- [Exercise]: Exclude the pictures from your copy, and reproduce each entry below verbatim.

=== Begin Enclosure ===

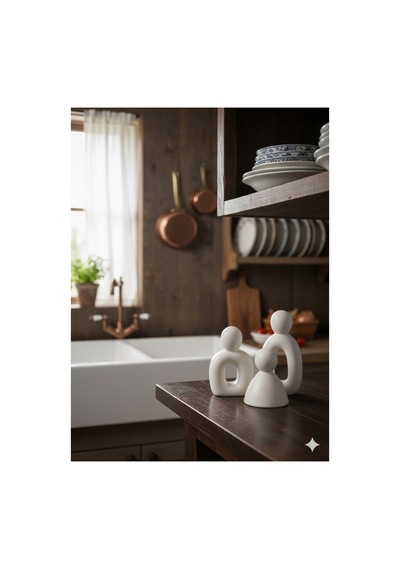 Dekoratif Soyut İnsan Figürlü Üçlü Aile Set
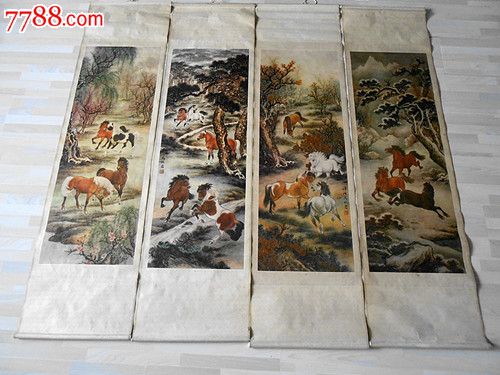 马试春秋(马秋岩.1988.超长屏:145*38cm)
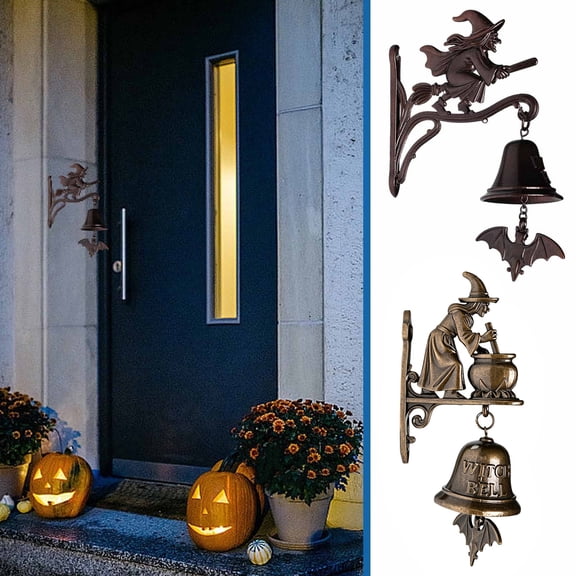 FEOLGEHLY Halloween Witch Bells, Vintage Iron Halloween Doorbell, Halloween Decorations for Home, Gothic Protection Charm with Witch Embossed, Hanging Porch Decor for Garden Home (A)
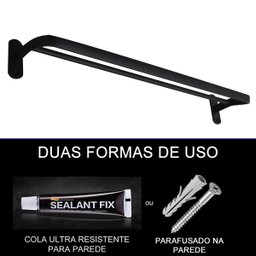 Suporte Preto Fosco Porta Toalha Banho Duplo Toalheiro Parede 60cm - 9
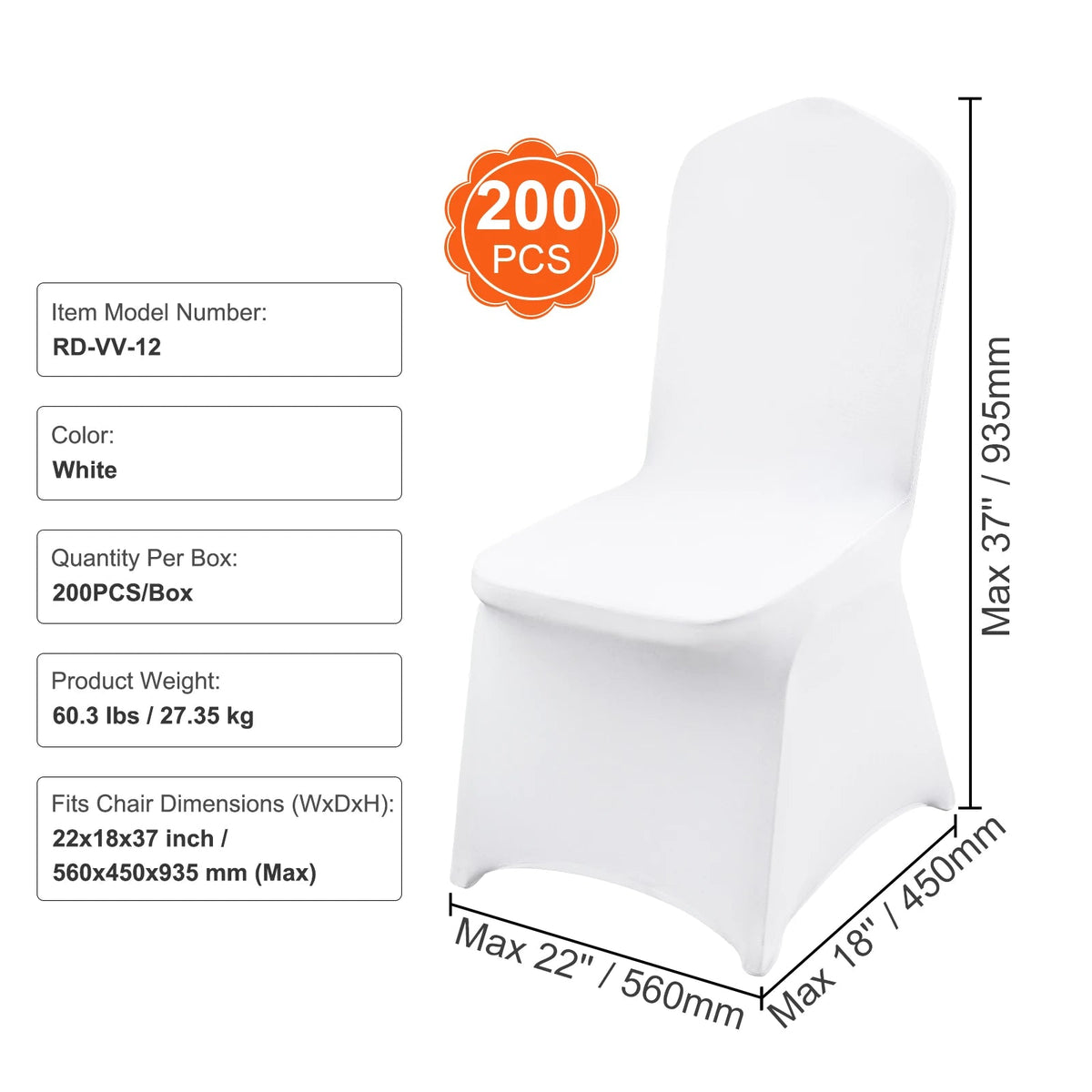 Chair Cover - Dining Chair Covers - Stretch Chair Covers - Chair Covers - Universal Cover - Spandex - Removable Chair Cover - 200 pcs - White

=== End Enclosure ===

- [Completed task]:
 Dekoratif Soyut İnsan Figürlü Üçlü Aile Set
 马试春秋(马秋岩.1988.超长屏:145*38cm)
 FEOLGEHLY Halloween Witch Bells, Vintage Iron Halloween Doorbell, Halloween Decorations for Home, Gothic Protection Charm with Witch Embossed, Hanging Porch Decor for Garden Home (A)
 Suporte Preto Fosco Porta Toalha Banho Duplo Toalheiro Parede 60cm - 9
 Chair Cover - Dining Chair Covers - Stretch Chair Covers - Chair Covers - Universal Cover - Spandex - Removable Chair Cover - 200 pcs - White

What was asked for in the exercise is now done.